Yesterday day my daughter reminded me of the "Doing the opposite philosophy." My favorite horse trainer, Pat Parelli, says the same. “Watch what others are doing, and do the opposite.”
Okay, what is the opposite?
Here is what prompted this question. I have been getting material from literary agents on how one must have a platform, give speeches, you know, all that. I have written ad nauseam about this subject, but give me one more chance. Here is an article from FAST COMPANY that pushed me over the edge. I don’t disagree with the writer, he knows his business. I just don’t want to play the game.
Why Books Are The Ultimate New Business Card
By Ryan Holiday
|September 18, 2012
Books are no longer simply books, they are branding devices and credibility signals--not to mention the reason their authors command large speaking or consulting fees.

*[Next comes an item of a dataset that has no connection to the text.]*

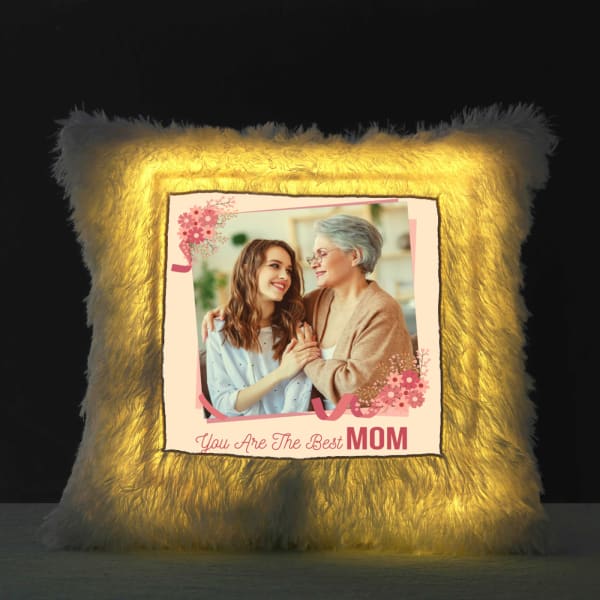 Personalized LED Fur Cushion for Mom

“You don’t understand,” the three-time, big-six published author told me. “Books aren’t designed for you, the customer. Today, non-fiction books are business cards--for speaking, consulting, and deals.”

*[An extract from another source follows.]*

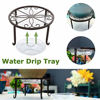 Picture of 3 Pack Metal Potted Plant Stands with Saucer for Indoor Corner and Outdoor Plants 9 inches Flower Pot Planter Holder, Bronze Color, Round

I am assuming Holiday is speaking of non-fiction books rather than novels, for if we must BRAND all writers, meaning they must have a presence before publication, where will the next To kill a Mockingbird (by Harper Lee) come from? Where would Mary Shelley’s Frankenstein fit in, or Richard Back’s Illusions? What about Ray Bradbury’s Martian Chronicles, or his Fahrenheit 451? You know about Fahrenheit 451? It’s a prophetic tale of the abolition of books, and the people who, to preserve them, each memorized one entire book.
Are we thwarting the publication of books destined to become classics? What about books such as Cervantes’s Don Quixote, or Homer’s Iliad or Virgil’s Aeneid. And The Bible? The Bible doesn’t have a by-line, and it is considered non-fiction. It is, however, by viture of its longevity, a BRAND. Everybody knows its name.
I’m not saying I have written the next great American Novel, and given all the marks on my pages by an editor, not a very good non-fiction book either, but I can still object to the publishing attitude. They can call an author a brand, a device, a credibility signal, a business card, a resume, a billboard, whatever they choose, but what about content?
Holiday asks a question: “Is the term ‘best-selling author’ worth anything anymore?”